Edited 2009-05-28 03:37 UTC
You can easily saturate SATA-II port using multiplexer and 4 disks. All neatly connected to single eSATA port in motherboard. Increased bandwidth is nice.
BTW, SATA as CPU interconnect? What a mad idea is that, could you provide link?
come on, hypertransport 3.1 is the way to go for disks
Edited 2009-05-28 11:10 UTC
Why on earth would you multiplex multiple disks on a single SATA port?
In any case, I saw the SATA interconnect used by some SUN guys to piece together a mulitprocessor system made of multiple FPGA boards, each running a OpenSPARC instance in their respective FPGA.

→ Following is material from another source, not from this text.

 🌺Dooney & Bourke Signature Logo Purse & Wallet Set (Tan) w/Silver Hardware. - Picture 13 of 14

Here is the link for the presentation SUN gave us at the RAMP retreat:
https://www.opensparc.net/pubs/preszo/08/ramp_2008_08_final.pdf
(see slide 17)
Suppose I have 4 SATA ports, and each SATA port is 300MBit/sec. What is the full bandwidth? 4 x 300 = 1200MBit/sec? Or can only one drive use the bandwidth and the other drives has to wait until it finishes?

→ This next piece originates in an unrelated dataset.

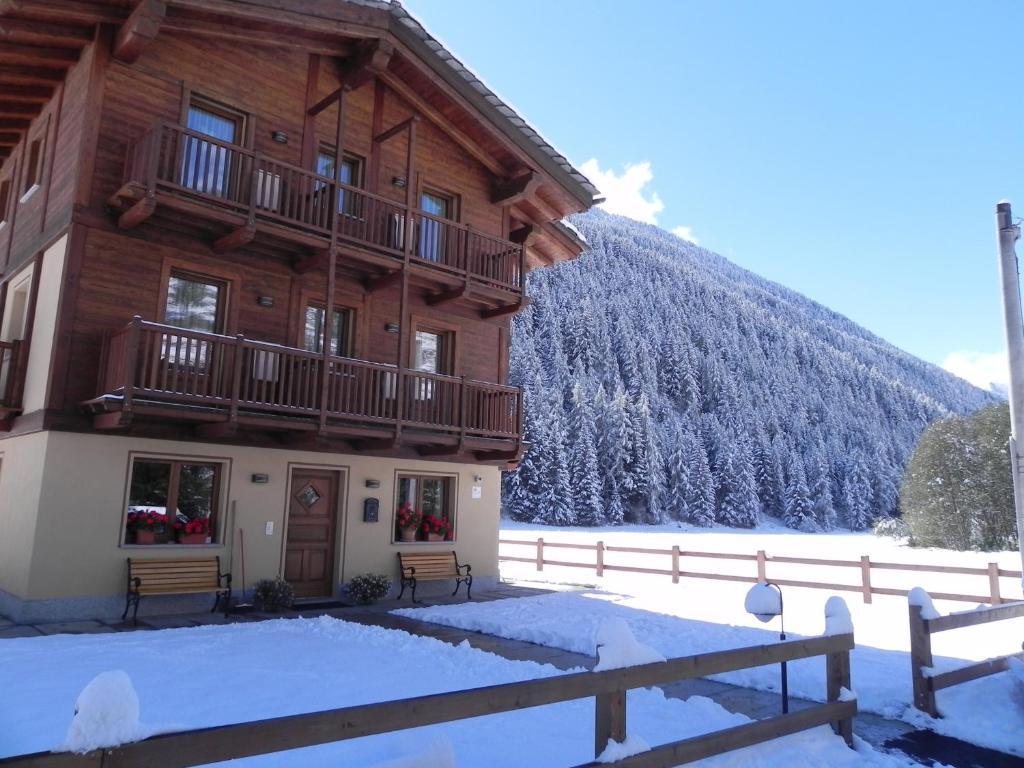 Villa Americana Chambres D'Hotes Champoluc Exterior photo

Those as usual, are theoretical peaks for the medium. Once you put the overhead due to stack processing, you start to see significantly lower perfromance figures.
I believe most implementations offer multiple physical SATA ports, which are multiplexed at the physical end of the chipset.
I personally think most of those numbers are bogus. Install 2x 1TB SATA drives in a normal PC, do a full dd from one to the other.. and watch your system come down to a crawl taking a whole day, to do something that under the performance figures quoted by the manufacturers should take a couple of hours tops.
Something stinks to high heavens in the state of the art IO in the PeeCee industry.